++++ THE DATA ++++

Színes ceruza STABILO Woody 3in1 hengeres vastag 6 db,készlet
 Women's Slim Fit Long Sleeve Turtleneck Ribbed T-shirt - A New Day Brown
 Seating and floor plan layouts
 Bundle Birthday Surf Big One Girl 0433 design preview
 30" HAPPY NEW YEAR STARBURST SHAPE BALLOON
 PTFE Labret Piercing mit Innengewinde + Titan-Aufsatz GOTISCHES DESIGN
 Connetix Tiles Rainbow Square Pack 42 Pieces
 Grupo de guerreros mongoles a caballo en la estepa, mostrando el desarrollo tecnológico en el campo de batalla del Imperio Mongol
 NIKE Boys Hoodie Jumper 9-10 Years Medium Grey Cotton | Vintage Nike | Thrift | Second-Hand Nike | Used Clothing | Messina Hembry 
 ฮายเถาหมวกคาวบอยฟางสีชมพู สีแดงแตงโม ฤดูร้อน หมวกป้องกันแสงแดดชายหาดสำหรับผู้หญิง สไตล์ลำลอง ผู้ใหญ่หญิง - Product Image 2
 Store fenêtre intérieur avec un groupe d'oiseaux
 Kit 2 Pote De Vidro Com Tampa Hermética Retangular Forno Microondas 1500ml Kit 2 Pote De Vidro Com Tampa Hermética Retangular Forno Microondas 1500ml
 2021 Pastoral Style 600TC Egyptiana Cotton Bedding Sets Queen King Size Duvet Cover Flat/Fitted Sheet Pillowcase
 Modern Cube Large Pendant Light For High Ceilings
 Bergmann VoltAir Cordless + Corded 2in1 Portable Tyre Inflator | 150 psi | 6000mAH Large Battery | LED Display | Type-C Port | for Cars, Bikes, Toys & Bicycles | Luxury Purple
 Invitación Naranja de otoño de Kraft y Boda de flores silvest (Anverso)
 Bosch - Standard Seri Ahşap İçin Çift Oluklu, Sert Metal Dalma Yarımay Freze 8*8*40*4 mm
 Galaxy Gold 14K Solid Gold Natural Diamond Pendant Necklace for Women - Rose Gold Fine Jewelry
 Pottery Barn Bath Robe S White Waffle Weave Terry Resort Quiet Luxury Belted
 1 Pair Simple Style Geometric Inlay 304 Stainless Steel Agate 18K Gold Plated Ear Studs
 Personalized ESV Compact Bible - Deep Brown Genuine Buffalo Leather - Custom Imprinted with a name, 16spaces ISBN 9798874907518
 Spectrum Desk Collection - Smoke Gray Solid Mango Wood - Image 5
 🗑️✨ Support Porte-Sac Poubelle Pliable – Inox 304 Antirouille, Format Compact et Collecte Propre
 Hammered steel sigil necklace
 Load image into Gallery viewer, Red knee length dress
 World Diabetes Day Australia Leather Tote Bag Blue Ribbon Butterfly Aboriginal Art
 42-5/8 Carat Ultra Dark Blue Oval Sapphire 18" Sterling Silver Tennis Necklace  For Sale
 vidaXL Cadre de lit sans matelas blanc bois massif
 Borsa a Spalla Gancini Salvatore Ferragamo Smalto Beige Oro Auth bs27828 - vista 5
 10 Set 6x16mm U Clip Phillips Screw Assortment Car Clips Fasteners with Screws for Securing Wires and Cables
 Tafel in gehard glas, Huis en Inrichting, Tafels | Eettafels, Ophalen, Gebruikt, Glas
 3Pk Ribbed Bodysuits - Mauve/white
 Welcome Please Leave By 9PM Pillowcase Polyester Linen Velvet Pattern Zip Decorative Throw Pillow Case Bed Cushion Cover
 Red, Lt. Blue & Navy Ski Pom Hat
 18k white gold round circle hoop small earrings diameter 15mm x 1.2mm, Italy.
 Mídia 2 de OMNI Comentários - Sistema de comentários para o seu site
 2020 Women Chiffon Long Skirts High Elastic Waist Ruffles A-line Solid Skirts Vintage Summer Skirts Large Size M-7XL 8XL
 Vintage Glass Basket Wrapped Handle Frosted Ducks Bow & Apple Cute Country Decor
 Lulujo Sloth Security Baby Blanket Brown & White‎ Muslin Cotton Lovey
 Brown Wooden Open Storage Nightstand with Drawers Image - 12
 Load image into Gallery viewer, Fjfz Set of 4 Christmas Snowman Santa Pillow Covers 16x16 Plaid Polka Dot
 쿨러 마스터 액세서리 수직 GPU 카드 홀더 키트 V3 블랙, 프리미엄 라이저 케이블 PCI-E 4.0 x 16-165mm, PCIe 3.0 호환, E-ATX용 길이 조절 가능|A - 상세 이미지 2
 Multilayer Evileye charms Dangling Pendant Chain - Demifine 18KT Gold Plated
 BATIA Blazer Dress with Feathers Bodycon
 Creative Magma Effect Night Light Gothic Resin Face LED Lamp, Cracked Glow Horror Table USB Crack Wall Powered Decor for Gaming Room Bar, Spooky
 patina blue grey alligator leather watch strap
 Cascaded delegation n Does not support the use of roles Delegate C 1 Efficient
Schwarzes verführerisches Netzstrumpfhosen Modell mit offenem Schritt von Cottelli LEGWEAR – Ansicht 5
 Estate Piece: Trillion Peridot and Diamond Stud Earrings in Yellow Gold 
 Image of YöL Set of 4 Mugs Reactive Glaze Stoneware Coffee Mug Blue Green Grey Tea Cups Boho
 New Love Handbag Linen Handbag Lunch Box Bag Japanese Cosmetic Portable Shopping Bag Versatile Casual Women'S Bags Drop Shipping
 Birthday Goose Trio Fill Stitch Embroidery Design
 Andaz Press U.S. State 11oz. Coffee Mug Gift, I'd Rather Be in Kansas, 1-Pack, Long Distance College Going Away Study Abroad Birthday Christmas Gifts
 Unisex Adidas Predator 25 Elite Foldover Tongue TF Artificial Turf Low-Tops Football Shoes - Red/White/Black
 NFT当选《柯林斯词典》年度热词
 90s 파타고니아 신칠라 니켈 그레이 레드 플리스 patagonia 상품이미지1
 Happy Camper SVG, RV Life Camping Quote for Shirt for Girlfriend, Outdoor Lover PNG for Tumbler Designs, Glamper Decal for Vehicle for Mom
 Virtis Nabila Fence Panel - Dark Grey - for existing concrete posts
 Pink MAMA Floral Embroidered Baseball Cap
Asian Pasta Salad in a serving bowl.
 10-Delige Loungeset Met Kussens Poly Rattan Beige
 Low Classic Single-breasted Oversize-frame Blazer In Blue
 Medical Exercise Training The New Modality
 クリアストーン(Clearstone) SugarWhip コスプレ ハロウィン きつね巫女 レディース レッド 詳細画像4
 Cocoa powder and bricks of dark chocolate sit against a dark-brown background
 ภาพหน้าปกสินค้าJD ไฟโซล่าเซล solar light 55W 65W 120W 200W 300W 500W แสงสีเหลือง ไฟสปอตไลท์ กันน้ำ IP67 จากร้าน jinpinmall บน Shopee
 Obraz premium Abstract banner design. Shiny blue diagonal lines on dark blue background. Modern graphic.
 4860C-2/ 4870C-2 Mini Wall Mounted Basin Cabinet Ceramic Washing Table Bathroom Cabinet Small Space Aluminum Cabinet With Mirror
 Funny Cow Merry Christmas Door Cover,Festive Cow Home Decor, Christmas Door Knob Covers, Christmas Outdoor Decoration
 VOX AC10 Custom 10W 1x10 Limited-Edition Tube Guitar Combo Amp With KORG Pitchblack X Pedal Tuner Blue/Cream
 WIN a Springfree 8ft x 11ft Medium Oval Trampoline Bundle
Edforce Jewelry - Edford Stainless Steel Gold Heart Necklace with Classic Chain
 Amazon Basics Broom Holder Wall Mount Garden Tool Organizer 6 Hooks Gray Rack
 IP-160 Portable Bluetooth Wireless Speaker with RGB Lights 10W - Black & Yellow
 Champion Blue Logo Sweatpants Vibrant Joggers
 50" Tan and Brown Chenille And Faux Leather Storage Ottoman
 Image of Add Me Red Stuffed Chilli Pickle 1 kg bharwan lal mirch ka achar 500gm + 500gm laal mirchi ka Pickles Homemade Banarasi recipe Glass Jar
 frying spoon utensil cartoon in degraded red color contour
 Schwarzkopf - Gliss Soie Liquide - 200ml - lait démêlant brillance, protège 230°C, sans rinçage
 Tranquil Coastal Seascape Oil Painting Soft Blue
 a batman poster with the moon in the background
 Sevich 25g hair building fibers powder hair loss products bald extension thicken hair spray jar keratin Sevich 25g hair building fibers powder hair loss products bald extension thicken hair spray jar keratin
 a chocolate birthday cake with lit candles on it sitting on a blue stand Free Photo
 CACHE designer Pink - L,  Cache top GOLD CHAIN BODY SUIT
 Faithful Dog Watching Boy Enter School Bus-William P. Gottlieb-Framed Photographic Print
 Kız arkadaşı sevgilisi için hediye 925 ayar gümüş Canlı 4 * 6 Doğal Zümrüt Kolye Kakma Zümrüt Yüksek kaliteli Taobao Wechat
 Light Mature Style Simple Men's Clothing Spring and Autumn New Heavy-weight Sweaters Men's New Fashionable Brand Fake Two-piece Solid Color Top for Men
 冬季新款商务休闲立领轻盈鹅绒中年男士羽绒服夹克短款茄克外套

++++

_AIM OF THE EXERCISE_: Retype word for word everything in the listing above from the line that holds "Bosch - Standard" down to the line that holds "Borsa a Spalla". Keep both end lines and leave out the rest.

_ANSWER AREA_:
 Bosch - Standard Seri Ahşap İçin Çift Oluklu, Sert Metal Dalma Yarımay Freze 8*8*40*4 mm
 Galaxy Gold 14K Solid Gold Natural Diamond Pendant Necklace for Women - Rose Gold Fine Jewelry
 Pottery Barn Bath Robe S White Waffle Weave Terry Resort Quiet Luxury Belted
 1 Pair Simple Style Geometric Inlay 304 Stainless Steel Agate 18K Gold Plated Ear Studs
 Personalized ESV Compact Bible - Deep Brown Genuine Buffalo Leather - Custom Imprinted with a name, 16spaces ISBN 9798874907518
 Spectrum Desk Collection - Smoke Gray Solid Mango Wood - Image 5
 🗑️✨ Support Porte-Sac Poubelle Pliable – Inox 304 Antirouille, Format Compact et Collecte Propre
 Hammered steel sigil necklace
 Load image into Gallery viewer, Red knee length dress
 World Diabetes Day Australia Leather Tote Bag Blue Ribbon Butterfly Aboriginal Art
 42-5/8 Carat Ultra Dark Blue Oval Sapphire 18" Sterling Silver Tennis Necklace  For Sale
 vidaXL Cadre de lit sans matelas blanc bois massif
 Borsa a Spalla Gancini Salvatore Ferragamo Smalto Beige Oro Auth bs27828 - vista 5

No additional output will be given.